Anton von Braunmühl (Mediziner)

Anton Adalbert Edler von Braunmühl (* 14. Oktober 1901 in Kelheim; † 12. März 1957 in München) war ein deutscher Psychiater. Er wurde bekannt als ein Pionier der somatischen Therapie psychischer Erkrankungen. Braunmühl wandte in großem Umfang Schocktherapien an, darunter als einer der ersten deutschen Psychiater die Elektrokrampftherapie. Später gehörte er zu den Anhängern der Leukotomie.

Leben und Wirken

Als Sohn des Amtsrichters Anton Padua von Braunmühl und seiner Ehefrau Anna geb. Stangl in Kelheim geboren studierte er Medizin in München und absolvierte sein praktisches Jahr als Assistent Walther Spielmeyers an der Deutschen Forschungsanstalt für Psychiatrie. Unmittelbar nach Promotion und Approbation kam Braunmühl im Mai 1927 als Assistenzarzt an die Heil- und Pflegeanstalt Eglfing-Haar, wo er bis auf eine kurze Unterbrechung 1946 bis zu seinem Tod tätig bleiben sollte.

Nachdem ihm 1934 eine Habilitation verweigert worden war, weil er kein Mitglied der NSDAP war, habilitierte sich Braunmühl 1943. Sein Spezialgebiet war die Histopathologie. Er führte die kolloidchemische Betrachtungsweise in die Neuropathologie ein und führte Modellversuche zur Bildung von Plaques und Fibrillenveränderungen im Gehirn durch, die er als Ausdruck einer Synärese interpretierte und damit als fakultative Merkmale physikalisch-chemischer Vorgänge.

Als Anstaltsarzt widmete sich Braunmühl vor allem der kausalen Therapie psychischer Erkrankungen. Er führte ab 1936 damals neu entwickelte somatische Behandlungsverfahren in der Anstalt Eglfing-Haar ein. So wurde am 3. November 1936 eine Insulinstation unter seiner Leitung eröffnet, auf der Insulinschocktherapien durchgeführt wurden. Braunmühl kombinierte diese Therapie auch mit der Cardiazolschocktherapie und erprobte 1938 das Krampfmittel Azoman der Firma Boehringer & Sohn. Seine Behandlungsstation weckte unter Besuchern die Hoffnung, Schizophrenie könne wirksam behandeln werden.[1]

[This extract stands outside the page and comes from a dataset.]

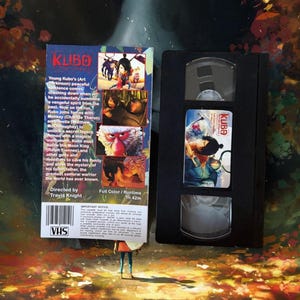 May include: A VHS tape and its cover for the animated film "Kubo and the Two Strings." The cover features colorful illustrations of characters and scenes from the movie. The VHS tape is black with a label showing Kubo. The runtime is 1 hour and 42 minutes.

Nach einem Besuch bei dem italienischen Psychiater Ugo Cerletti, der seit 1938 als erster Elektrokrämpfe an Menschen anwendete, erwarb Braunmühl ein Elektrokrampf-Gerät bei der Firma Siemens-Reiniger und begann noch im Dezember 1939 mit dieser Therapieform. Bis Ende 1941 verabreichte er ca. 6.000 Krampfbehandlungen in Eglfing-Haar. Im Unterschied zu Friedrich Meggendorfer in Erlangen, der die Elektroden starr am Kopf des Kranken befestigte, entwickelte Braunmühl mobile, von Hand geführte Elektroden[2]. Braunmühl ließ die Patienten außerdem die von ihm sogenannte „embryonale Lagerung“ einnehmen. Er kombinierte die Insulinschocktherapie und die Elektrokrampfbehandlung, auch als während des Zweiten Weltkrieges das Insulin knapper wurde.[3]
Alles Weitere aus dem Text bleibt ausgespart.